DATA
[Start of Attachment]

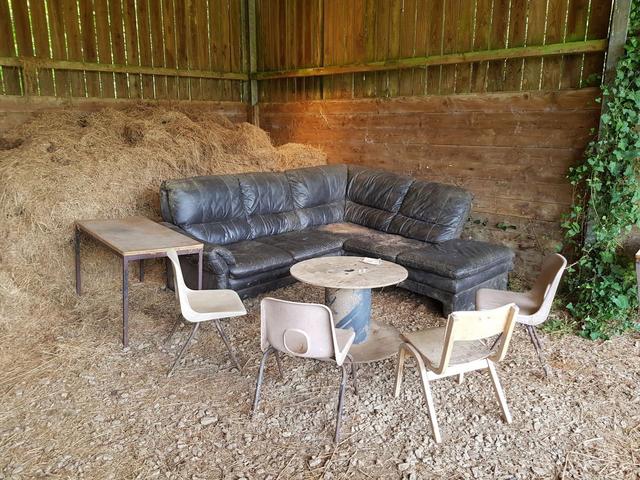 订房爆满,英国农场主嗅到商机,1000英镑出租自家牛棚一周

[End of Attachment]
[Start of Attachment]

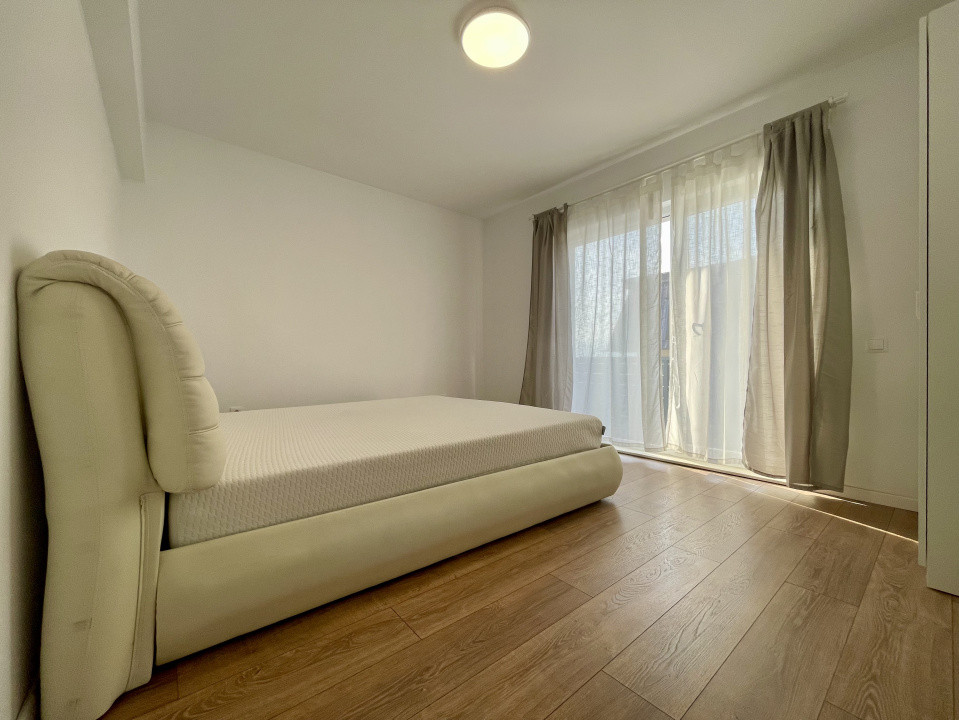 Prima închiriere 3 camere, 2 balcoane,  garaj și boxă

[End of Attachment]
[Start of Attachment]

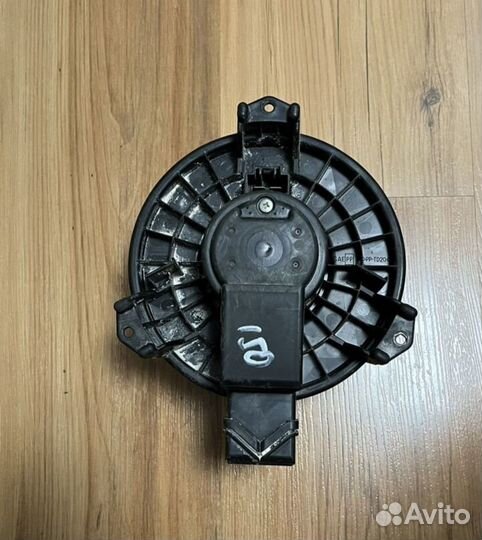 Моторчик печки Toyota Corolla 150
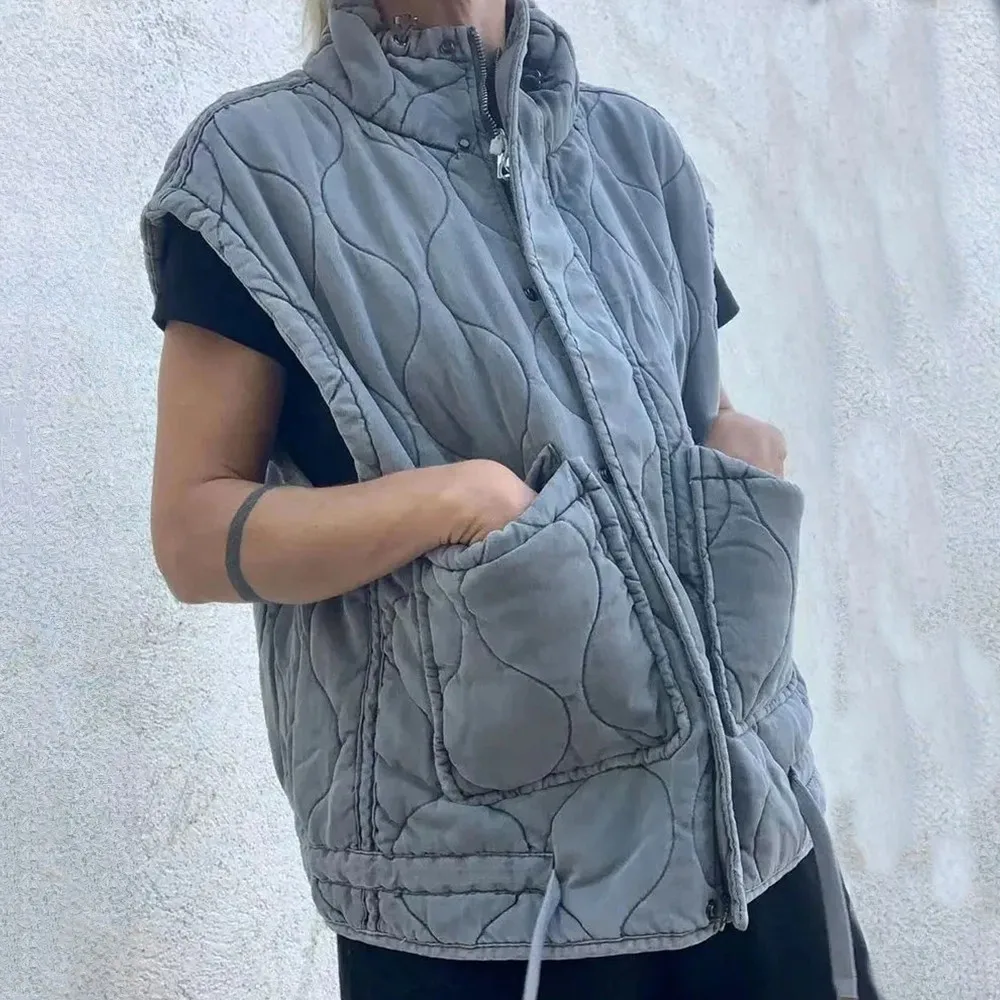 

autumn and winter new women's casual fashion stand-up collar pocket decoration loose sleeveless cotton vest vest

[End of Attachment]

TASK DIRECTIONS
Everything above from the line containing "Моторчик печки Toyota Corolla 150" through the line containing "autumn and winter" must be repeated exactly, and the pictures must be left out.

ANSWER BOX
 Моторчик печки Toyota Corolla 150

autumn and winter new women's casual fashion stand-up collar pocket decoration loose sleeveless cotton vest vest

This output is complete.